Lancashire Law School
Harris Building, HB259
+44 (0) 1772 89 3076
Helen Codd holds an LLB(Hons) degree in Law from the University of Wales and an M.Phil in Criminology from the University of Cambridge Institute of Criminology.
Helen joined the Law department at UCLan in 1991; was promoted to Senior Lecturer in 1999 and to Principal Lecturer in 2005. She has substantial experience of unpaid work with third sector organisations and is currently Chair of THOMAS, a social exclusion/drug rehabilitation charity based in Blackburn.

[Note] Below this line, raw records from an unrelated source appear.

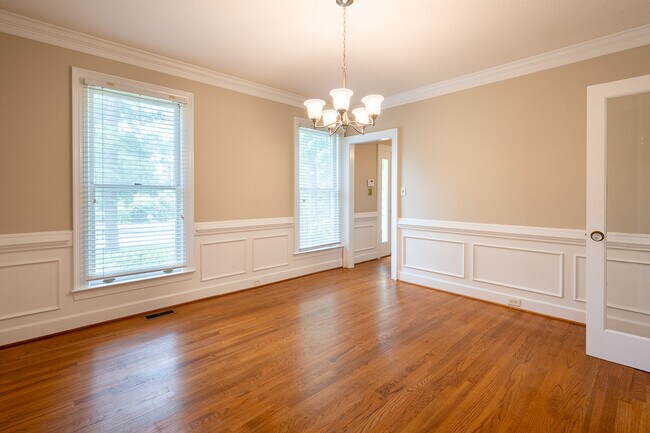 Building Photo - 4135 Knollcrest Cir N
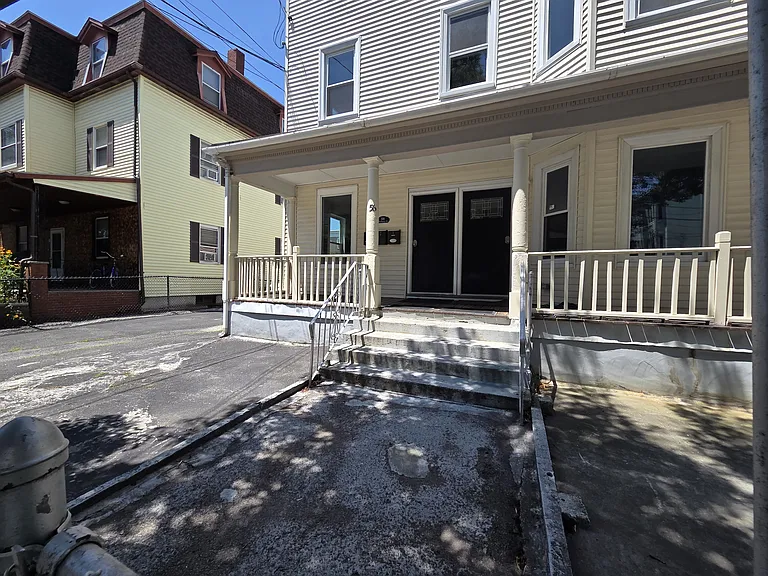 56-2 Pinckney St — Photo 9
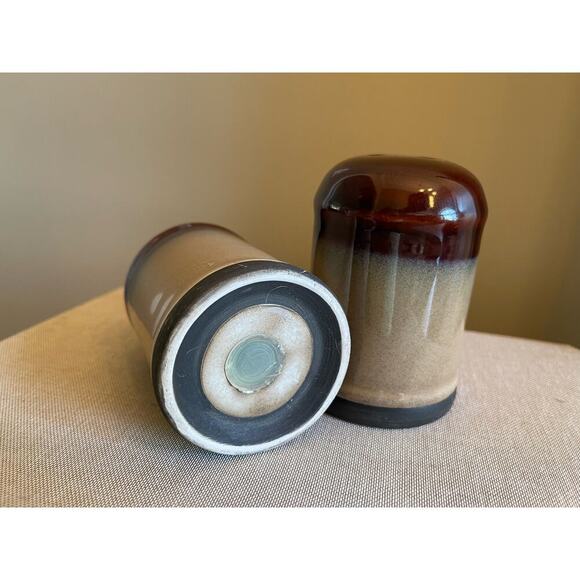 Vintage Sango Nova Brown Salt Pepper Shaker Set Beige Brown Earthware Round S&P - Picture 2 of 4
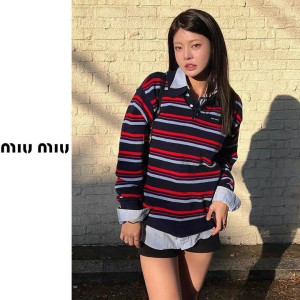 MIUMIU 미우미우 스트라이프 카라 니트 스웨터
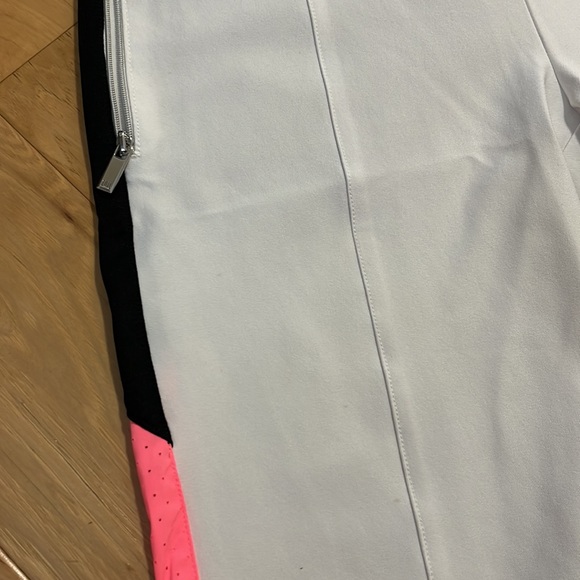 🏌🏻‍♀️ Ladies striped golf shorts - Picture 2 of 7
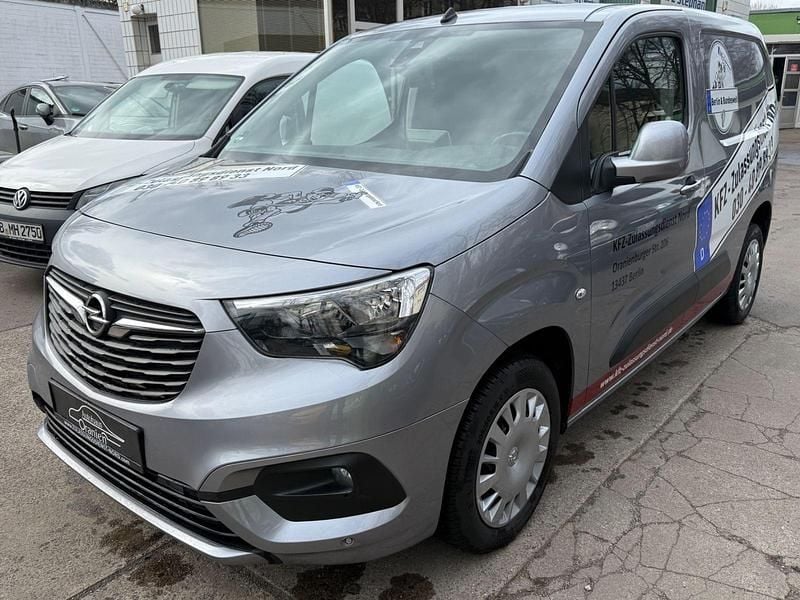 Second-hand Opel Combo Edition 131 CP (96 kW) 2020 Monovolum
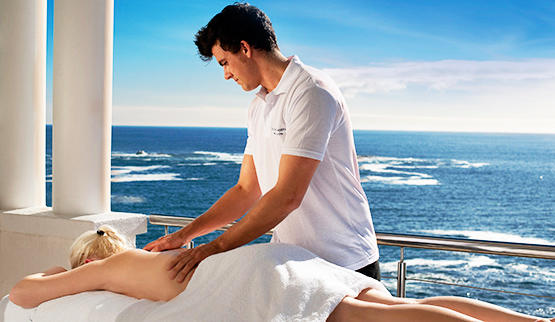 Massage with a sea view at the Twelve Apostles Spa in Cape Town.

Helen was featured in the Winter 2016 edition of BreakThrough magazine talking about her inaugural professorial lecture “Prisoners’ Children and Criminal Justice”(Pages 20-24).
Codd, Helen (2013) Locked in and Locked Out: Global Feminist Perspectives on Women and Imprisonment. In: Global Criminology: Crime and Victimization in the Globalized Era. CRC Press, Taylor and Francis Group, pp. 199-218. ISBN 978-1439892497
Codd, Helen Louise and Scott, David (2010) Controversial Issues in Prisons. Open University Press, Maidenhead, UK. ISBN 9780335223039
Codd, Helen Louise (2008) In the Shadow of Prison: Families, Imprisonment and Criminal Justice. Willan Publishing, Devon, UK. ISBN 978-1843922452
Codd, Helen Louise (2012) "Baby can I hold you?" Prisoners, Reproductive Choices and Family Life. Contemporary Issues in Law, 11 (4). pp. 227-248. ISSN 1357 -0374
Criminal law at all levels; Criminology; Sentencing; Criminal Process.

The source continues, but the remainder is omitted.